Thanks a lot for the log.

What triggers this in your case is basically the size of the anti-replay state. You configured a window size of 2048, which means the replay state contains a bitmap of 256 bytes (the complete attribute also has some overhead for the sequence numbers etc.).

That bitmap is already allocated when installing the SA. The difference when updating the SA is that we also receive and add some attributes that are not passed when the SA is originally installed, for instance, the current lifetime attribute (which contains the number of packets/bytes).

However, what I realized just now looking at the log, is that the response to the XFRM_MSG_GETSA message from the kernel actually includes the anti-replay state. So that's already copied to the message we send back to the kernel to install the SA with updated addresses (we copy all attributes except XFRMA_ENCAP if the UDP encapsulation state changed).
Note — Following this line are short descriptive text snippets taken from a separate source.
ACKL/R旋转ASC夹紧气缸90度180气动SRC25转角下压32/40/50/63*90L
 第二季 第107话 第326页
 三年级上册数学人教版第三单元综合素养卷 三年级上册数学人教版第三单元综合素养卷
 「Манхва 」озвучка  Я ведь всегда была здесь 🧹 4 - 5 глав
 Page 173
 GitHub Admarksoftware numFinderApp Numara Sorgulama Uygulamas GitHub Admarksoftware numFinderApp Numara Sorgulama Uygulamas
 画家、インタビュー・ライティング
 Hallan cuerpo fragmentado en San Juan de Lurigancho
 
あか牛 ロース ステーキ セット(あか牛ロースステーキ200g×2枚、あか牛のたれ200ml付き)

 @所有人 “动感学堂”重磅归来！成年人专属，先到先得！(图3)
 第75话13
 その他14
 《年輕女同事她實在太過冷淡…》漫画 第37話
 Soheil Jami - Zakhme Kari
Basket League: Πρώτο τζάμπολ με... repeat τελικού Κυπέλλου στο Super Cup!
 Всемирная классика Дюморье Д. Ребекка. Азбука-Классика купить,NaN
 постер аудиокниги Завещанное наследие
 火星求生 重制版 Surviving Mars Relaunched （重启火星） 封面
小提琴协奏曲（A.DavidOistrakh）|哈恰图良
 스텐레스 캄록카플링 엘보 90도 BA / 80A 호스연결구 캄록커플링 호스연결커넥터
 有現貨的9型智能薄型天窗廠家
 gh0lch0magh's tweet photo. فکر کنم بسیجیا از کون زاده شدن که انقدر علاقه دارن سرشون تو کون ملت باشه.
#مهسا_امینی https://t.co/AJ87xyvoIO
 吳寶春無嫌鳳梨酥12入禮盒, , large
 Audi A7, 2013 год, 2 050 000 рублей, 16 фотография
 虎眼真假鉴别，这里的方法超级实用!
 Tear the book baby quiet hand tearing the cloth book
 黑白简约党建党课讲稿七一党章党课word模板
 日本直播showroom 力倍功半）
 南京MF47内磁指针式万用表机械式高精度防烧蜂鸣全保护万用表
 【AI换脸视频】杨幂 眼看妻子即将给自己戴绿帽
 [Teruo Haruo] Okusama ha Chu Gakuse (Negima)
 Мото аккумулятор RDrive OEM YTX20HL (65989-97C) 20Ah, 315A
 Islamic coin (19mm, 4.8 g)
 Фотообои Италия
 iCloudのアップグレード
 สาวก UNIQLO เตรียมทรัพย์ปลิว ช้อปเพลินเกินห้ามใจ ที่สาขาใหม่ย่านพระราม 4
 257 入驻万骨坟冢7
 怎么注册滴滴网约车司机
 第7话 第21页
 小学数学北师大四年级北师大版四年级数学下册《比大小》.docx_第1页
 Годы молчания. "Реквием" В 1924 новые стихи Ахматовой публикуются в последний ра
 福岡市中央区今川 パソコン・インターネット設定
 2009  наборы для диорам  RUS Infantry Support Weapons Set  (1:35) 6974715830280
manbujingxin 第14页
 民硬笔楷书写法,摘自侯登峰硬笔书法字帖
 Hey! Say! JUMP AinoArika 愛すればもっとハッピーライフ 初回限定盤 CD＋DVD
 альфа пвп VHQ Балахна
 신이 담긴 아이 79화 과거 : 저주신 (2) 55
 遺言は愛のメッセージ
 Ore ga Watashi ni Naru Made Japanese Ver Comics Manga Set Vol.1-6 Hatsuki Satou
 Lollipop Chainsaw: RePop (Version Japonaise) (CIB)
But we also request the anti-replay state together with the lifetime attribute (which is not included in the message above) in a separate XFRM_MSG_GETAE request and then add it to the message. So that attribute is added twice, which is definitely wrong but not a particular problem, unless the anti-replay window is as large as it is here.

The anti-replay state was originally not included in the response to XFRM_MSG_GETSA, which explains our current code. But it looks like the kernel adds the newer attribute that's used for larger windows and ESN since support for it was added with 2.6.39 (we added support for that attribute just in the same way as for the classic anti-replay attribute in 05e9589, without realizing that that's not necessary). And since 3.19, the kernel also includes the classic anti-replay state if the window is smaller and ESN is not used. So copying the ESN attribute is definitely not necessary anymore, and the classic one most likely neither. But since we have to call XFRM_MSG_GETAE anyway to get the usage stats, we could also just safeguard against adding that attribute twice. I've pushed such a change to the 1967-netlink-replay-update branch.